◆ **Data**:
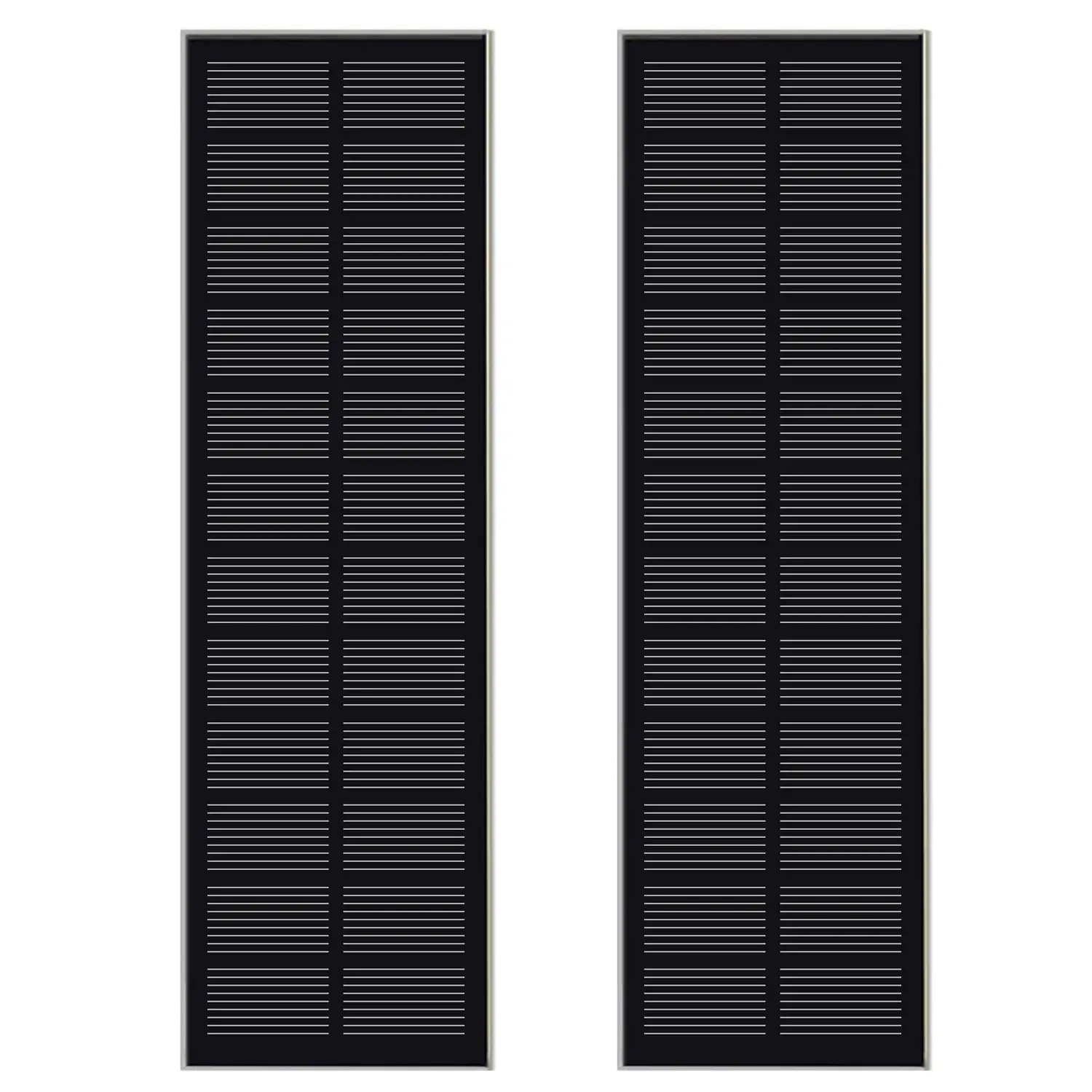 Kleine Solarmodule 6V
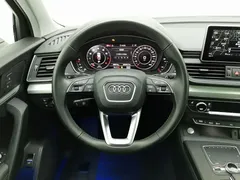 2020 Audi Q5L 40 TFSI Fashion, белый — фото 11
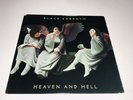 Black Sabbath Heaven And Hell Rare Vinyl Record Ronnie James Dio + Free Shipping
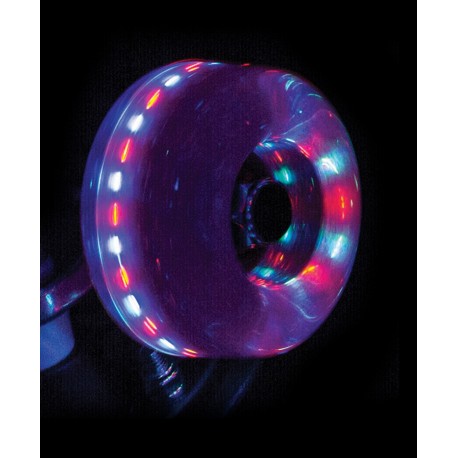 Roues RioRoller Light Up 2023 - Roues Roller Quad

◆ **The problem**: All the material above should be written out exactly, with images omitted.

◆ **Response to this exercise**:
 Kleine Solarmodule 6V
 2020 Audi Q5L 40 TFSI Fashion, белый — фото 11
 Black Sabbath Heaven And Hell Rare Vinyl Record Ronnie James Dio + Free Shipping
 Roues RioRoller Light Up 2023 - Roues Roller Quad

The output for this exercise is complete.